## What you are asked to do
The answer must consist solely of the lines below starting at the one containing "Optometry t-shirt with bible verse" and ending at the one containing "أولى رحلات طيران", repeated exactly, with both ends included and all pictures omitted.

## Given information
+ + + + + + +

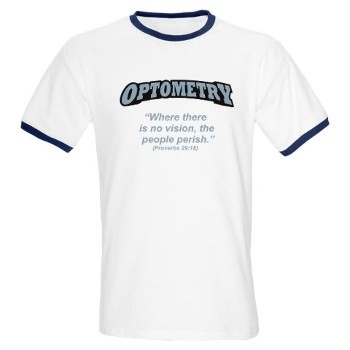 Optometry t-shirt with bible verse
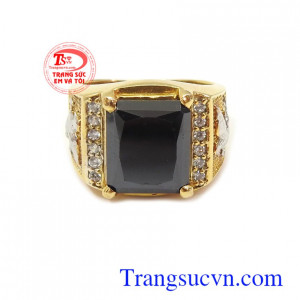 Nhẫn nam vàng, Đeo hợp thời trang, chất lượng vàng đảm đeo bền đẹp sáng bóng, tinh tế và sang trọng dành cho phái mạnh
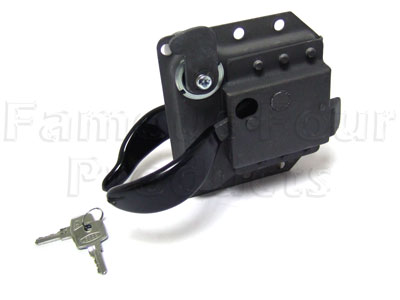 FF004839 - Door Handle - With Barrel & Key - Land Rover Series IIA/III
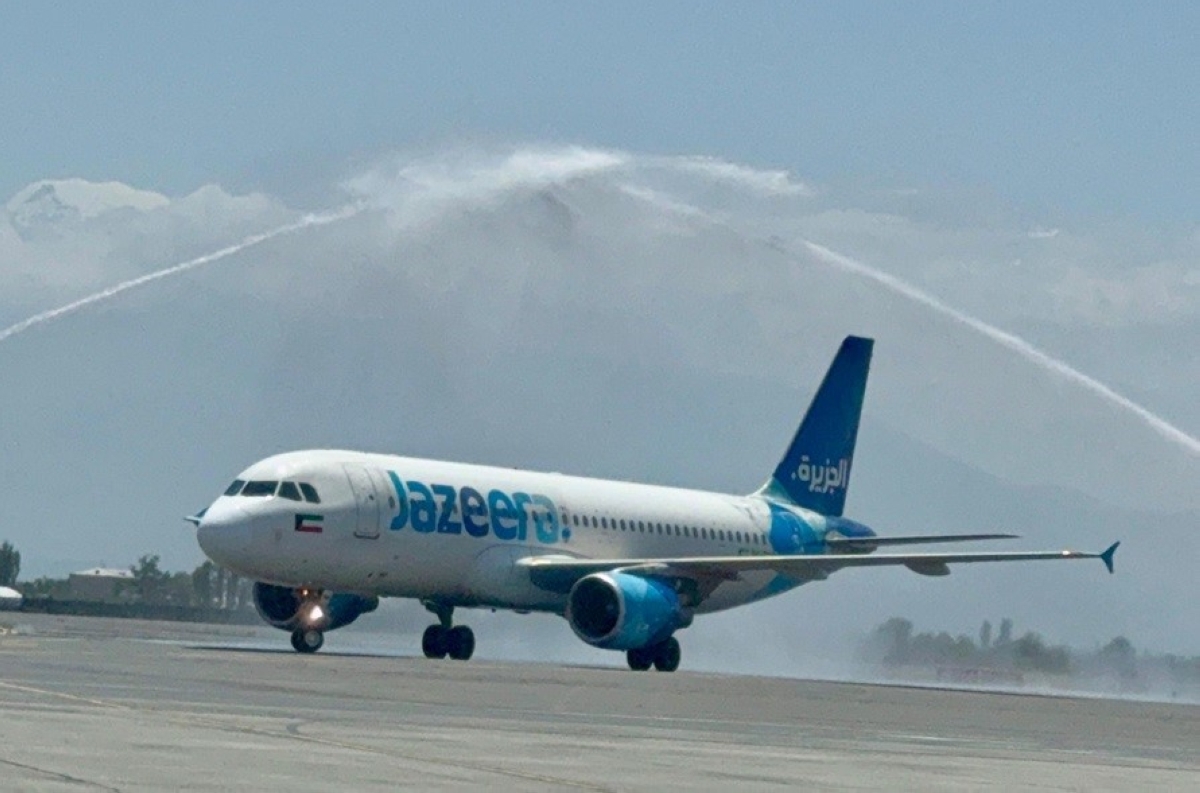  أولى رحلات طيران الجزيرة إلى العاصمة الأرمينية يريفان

+ + + + + + +

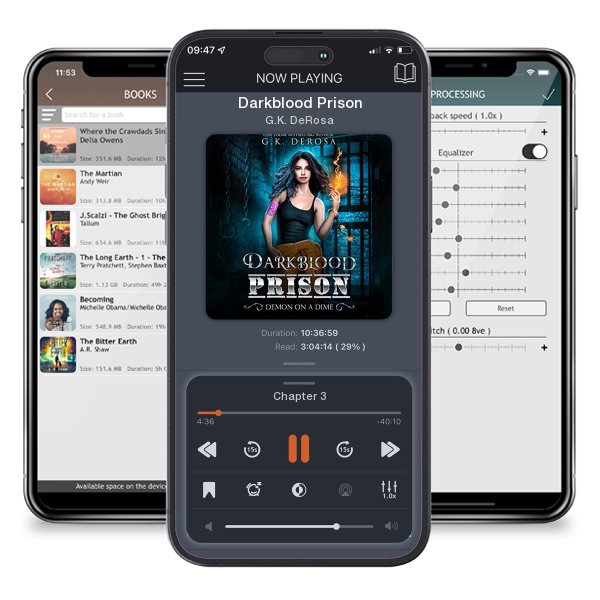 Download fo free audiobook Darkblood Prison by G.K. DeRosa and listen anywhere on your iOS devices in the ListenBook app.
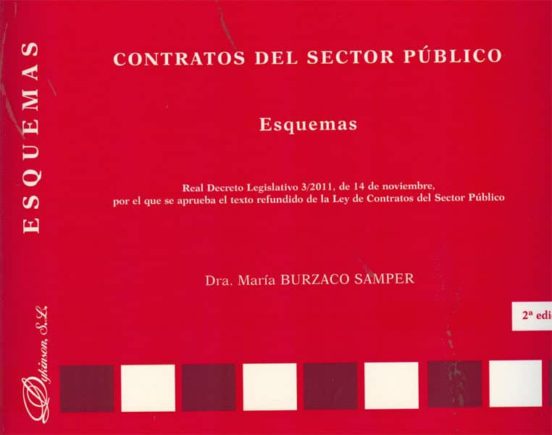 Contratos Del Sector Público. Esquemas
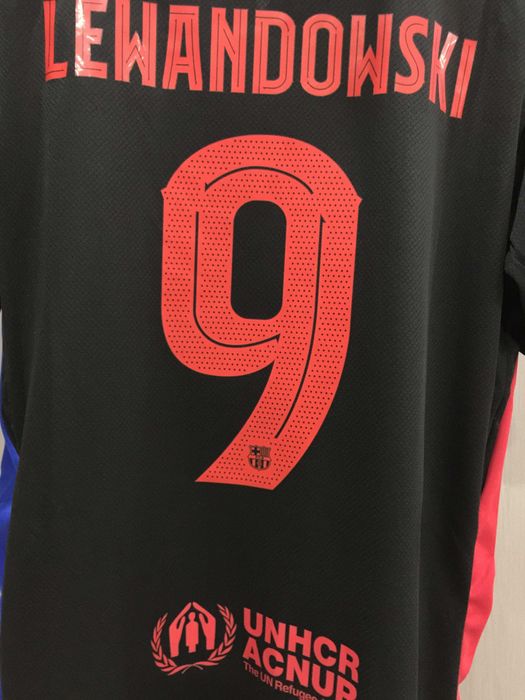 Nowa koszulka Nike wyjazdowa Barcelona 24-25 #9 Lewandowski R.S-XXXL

+ + + + + + +

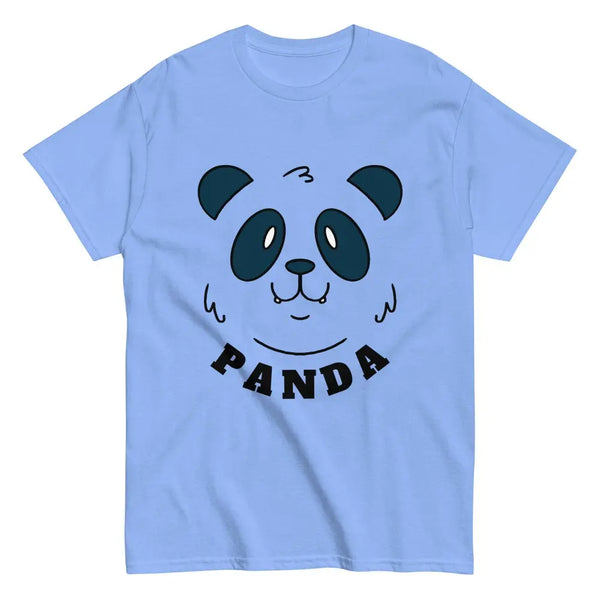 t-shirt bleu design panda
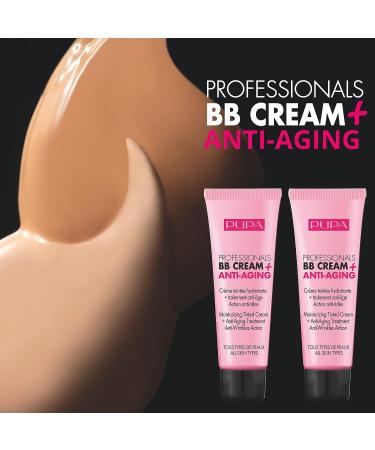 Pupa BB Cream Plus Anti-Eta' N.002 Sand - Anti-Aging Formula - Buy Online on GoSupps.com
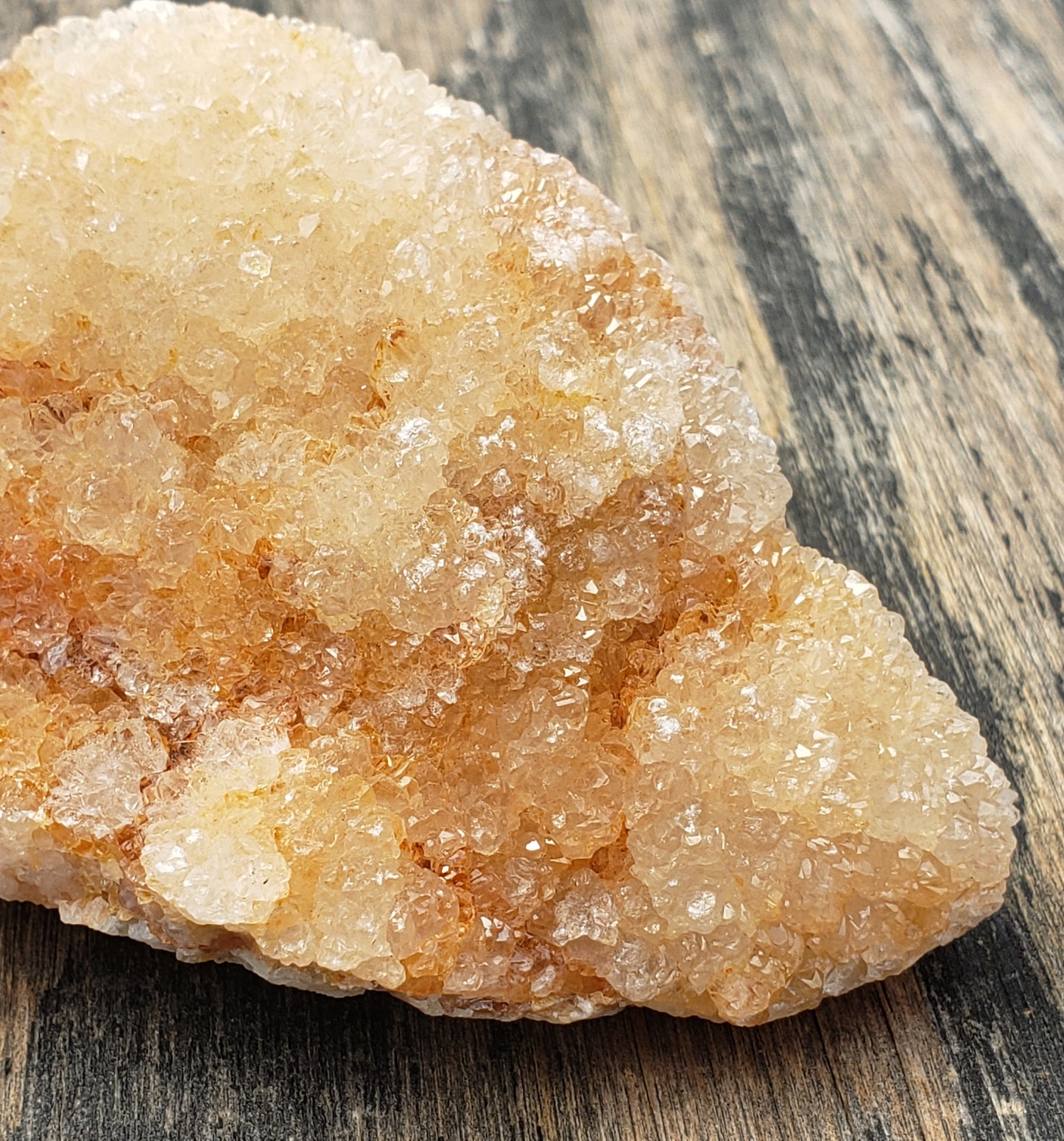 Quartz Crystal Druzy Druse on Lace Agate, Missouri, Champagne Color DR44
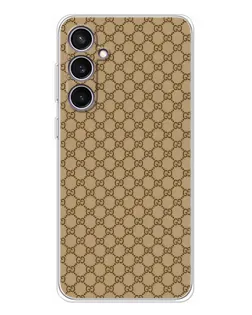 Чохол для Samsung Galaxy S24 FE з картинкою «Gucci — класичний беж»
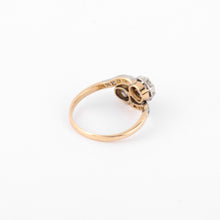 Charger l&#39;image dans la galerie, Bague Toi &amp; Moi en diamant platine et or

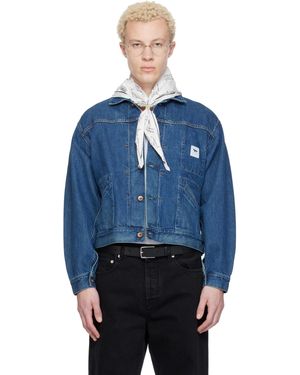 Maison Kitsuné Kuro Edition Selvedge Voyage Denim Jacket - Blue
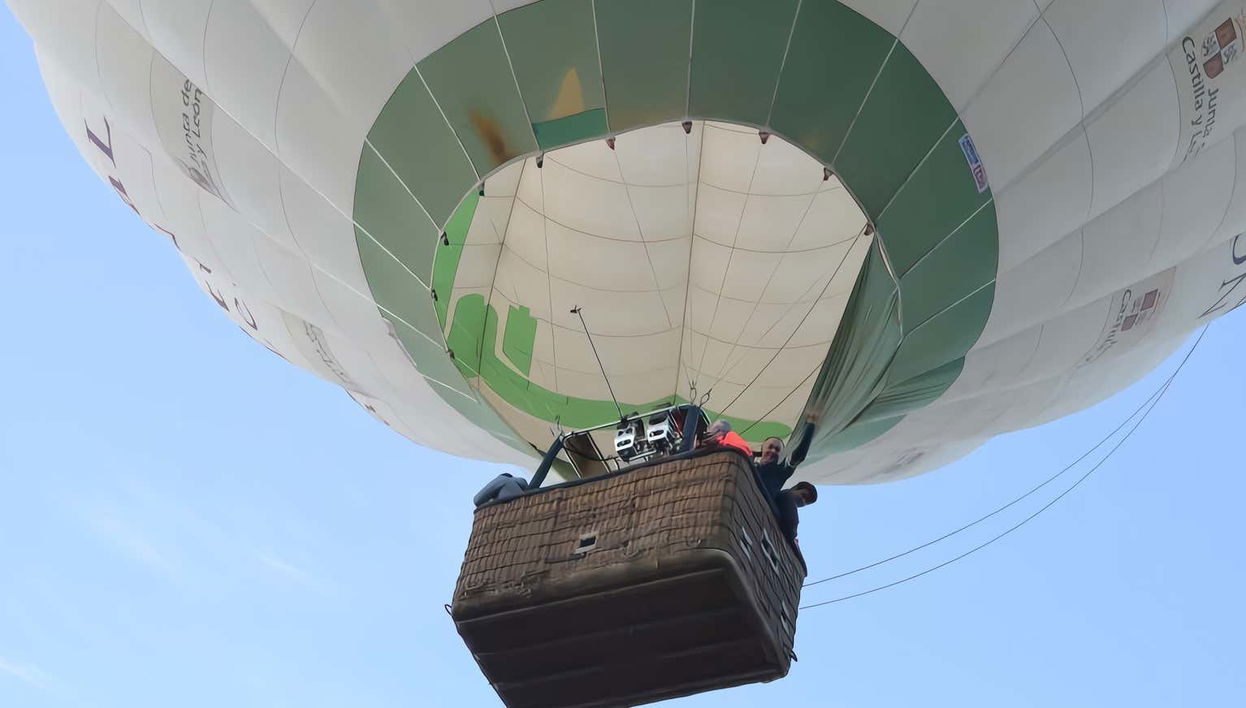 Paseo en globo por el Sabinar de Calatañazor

+ + + + + + +

## Problem solution
 Optometry t-shirt with bible verse
 Nhẫn nam vàng, Đeo hợp thời trang, chất lượng vàng đảm đeo bền đẹp sáng bóng, tinh tế và sang trọng dành cho phái mạnh
 FF004839 - Door Handle - With Barrel & Key - Land Rover Series IIA/III
  أولى رحلات طيران الجزيرة إلى العاصمة الأرمينية يريفان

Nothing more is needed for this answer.